It was 150 years ago today, on 30 September 1861, that Hermann von Meyer gave the name Archaeopteryx lithographica to the feathered animal that fluttered over the Solnhofen lagoon in Late Jurassic Bavaria. At right is the entire published article…a scant two paragraphs, only one of which is devoted to Archaeopteryx. In that one paragraph he announced the discovery of a feathered skeleton, to go along with the isolated feather that he had announced six weeks earlier. For decades later, scholars argued over his key statement: “For the denomination of the animal I consider the term Archaeopteryx lithographica as appropriate” (the original German sentence is pulled out in the illustration). He named the animal, but not a specimen. Modern rules dictate the designation of a “holotype” specimen that officially bears the name. Should it be the feather, the skeleton, or neither? I discussed this debate a little in my first Archaeopteryx sesquicentennial post, but the result has been that the skeleton—now known as the London Specimen (BMNH 37001)—is the holotype. Happy 150th Birthday, Archaeopteryx! To celebrate, WitmerLab is launching today a website with five sets of interactive 3D PDFs of skull or skull parts of three Archaeopteryx specimens, including the one von Meyer announced 150 years ago today. It’s all open access and freely downloadable!

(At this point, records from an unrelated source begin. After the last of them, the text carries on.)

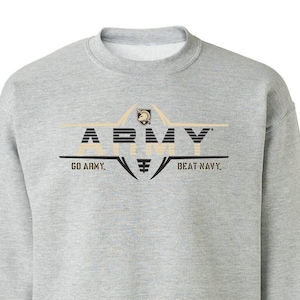 May include: A gray sweatshirt with a black and gold graphic of the word "ARMY" with a football helmet and the text "GO ARMY. BEAT NAVY."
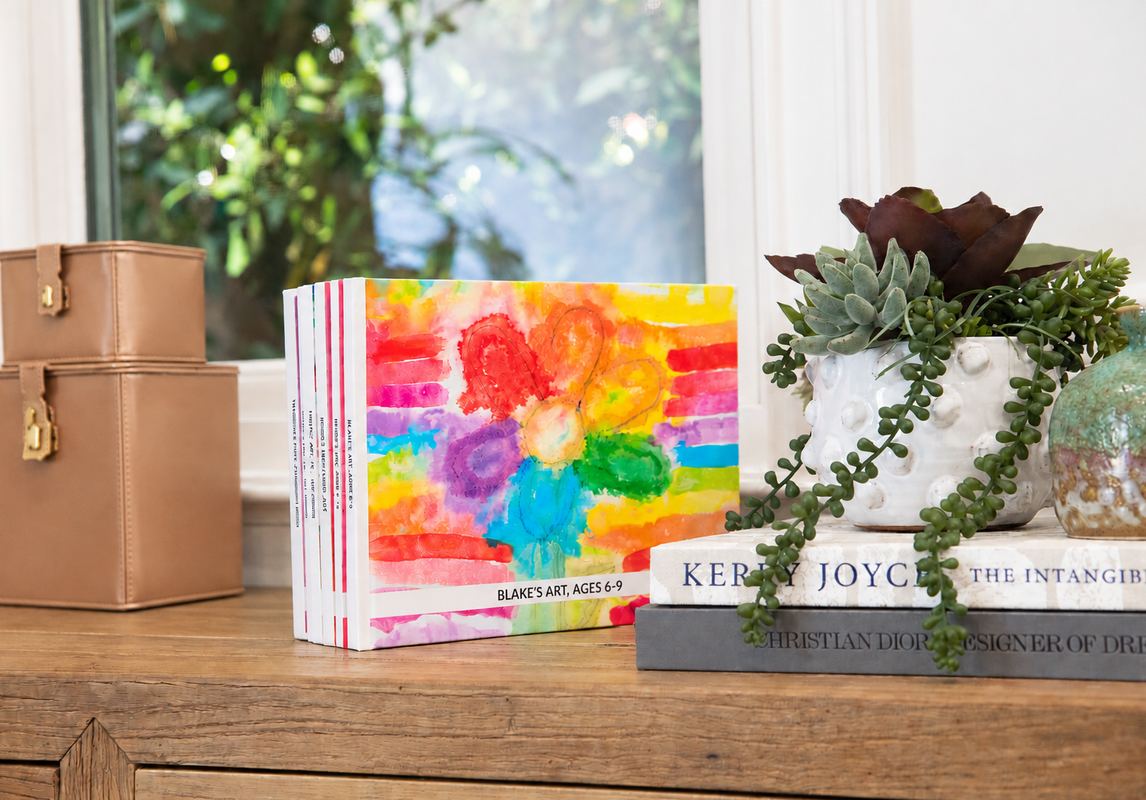 A finished Kids Art Book standing on a shelf beside a plant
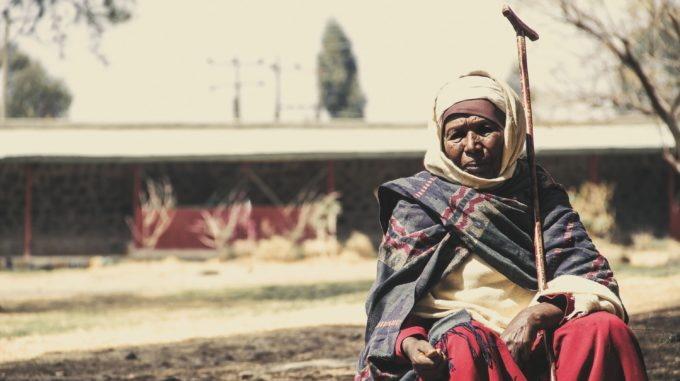 Vanha etiopialainen nainen istuu talon edustalla.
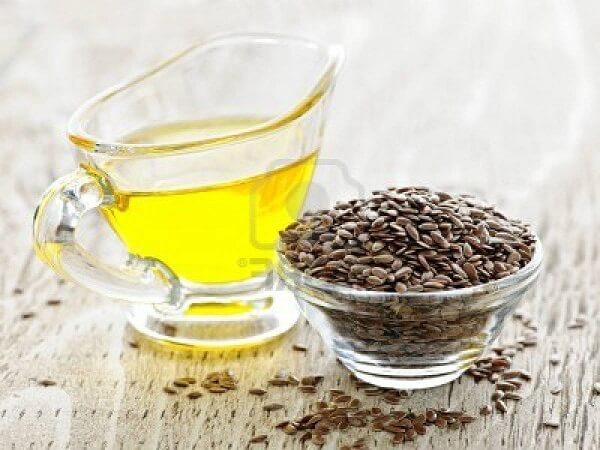 Масло льняное и семена льна в чашке Льняное масло - фото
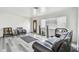Inviting living room with wood-look flooring, a cozy couch, and plenty of natural light from the window at 3601 27Th S Ave, St Petersburg, FL 33711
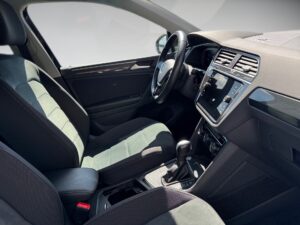 Innenraum eines modernen Autos, schwarze Sitze, großes Display, Lenkrad links, Tageslicht.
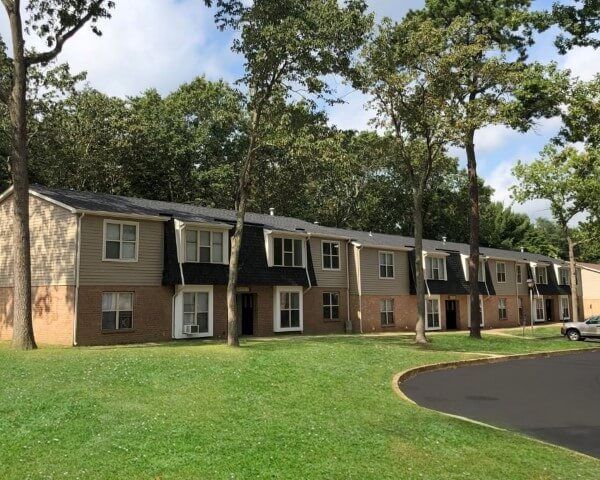A row of apartment buildings with trees in the background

About the specimens used for the 3D PDFs
The five specimens we used are all research casts in our collection. Three of the casts were high-resolution replicas made by Peter Wellnhofer himself for me years ago. These three are the Eichstätt specimen’s skull, the front of the Berlin specimen’s skull, and the upper jaw fragments on the counterslab of the London specimen. The other two casts were part of the London specimen cast that we purchased from the Natural History Museum a number of years ago. These two pieces include the braincase (which I published on way back in 1990). This braincase was CT scanned about a decade ago, and a definitive article was published by Angela Milner’s team in Nature in 2004 detailing the structure of the brain endocast and inner ear. Angela kindly gave me access to those scan data, but we chose to use our cast for our 3D PDF. The other London piece is a problematic bone that has been regarded as a quadrate bone or maybe even the sphenoid region of the braincase.
About the scanning and 3D PDFs
All five of these specimens were scanned on the Ohio University microCT scanner (OUµCT) at an isotropic voxel size of 45 µm. To be honest, this entire project started off as an experiment to see if we could get decent, useable surfaces from the casts. We needed to do some test scans after some maintenance work so we tossed in one of the casts. The test scan came out really well, recording basically all the detail inherent in the cast. So we scanned the rest. Ryan Ridgely’s prodigious 3D viz skills were hardly taxed at all on this project, and we had beautiful 3D PDFs in no time. These 3D PDFs are provided on the main Archaeopteryx3d PDFs website in multiple resolutions so that you can match your interest to the power of your computer or speed of your connection. I wanted to put up some big files (a juicy 55 MB file of the Eichstätt skull!) so that specialists can really go to work. We’ve been using 3D PDFs for years, including recently on our 3D Alligator site and 3D Interactive Human Anatomy site, but check out our 3D Visualization page for more goodies.
In closing, regardless of whether Archaeopteryx is part of the avian lineage or nearby on the deinonychosaur line (see my recent post stemming from the Xiaotingia article), these specimens of Archaeopteryx are critical documents in the evolutionary history of birds. We’re proud to be taking an active role in the sesquicentennial year and to provide some hopefully useful resources for the community.